Dimples at the equatorial great circle path defining a mold parting line 30 are divided into two parts, as illustrated in Fig. 9. Each one of the parts appears in a single one of the polygonal configurations. For the embodiment illustrated, the mold line divides certain square shaped dimples 100 within the squares 12 into two parts 102 and 104. A mold parting surface 30a is formed by partially eliminating the depression of the certain square shaped dimples adjacent to the mold parting line without changing the general shape or location of these dimples. For example, the two parts 102 and 104 of a parted square dimple are essentially the same size and shape as the square dimple 100. The mold parting surface becomes bounded by parted dimples. The irregular shaped dimples are measured on the basis of spherical shaped dimples having equivalent surface areas and cross sectional areas as set forth above.

The dimples may be placed on the outer surface of the golf ball to intersect all of the parting lines constructed on the outer surface, none of the parting lines, or only some of the parting lines on the outer surface.
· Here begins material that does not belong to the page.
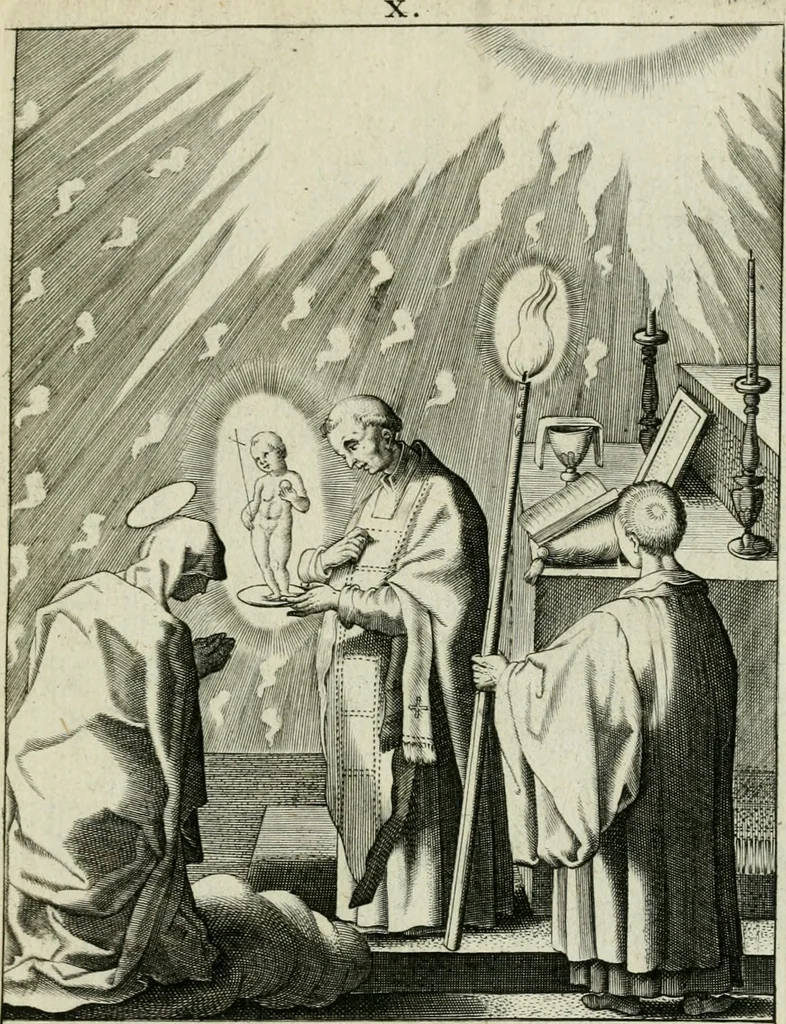 An illustration from D. Catharinae Senensis virginis Ss.mae Ord. Praedicatorum vita ac miracula selectiora formis aeneis expressa, 1603, leaf 30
When great circle paths are not intersected by dimples they become true parting lines for defining the dimple pattern.

Fig. 8 shows all of the parting lines intersected by dimples; Fig. 11 shows none of the parting lines intersected by dimples; and Fig. 12 shows ten of the parting lines intersected by dimples.

While a preferred embodiment of the invention has been described using specific terms, such description is for illustrative purposes only, and it is to be understood that changes and variations may be made without departing from the spirit or scope of the following claims. For example, it is understood that the invention is not limited to a dimple pattern defined by the rhombicosadodecahedron.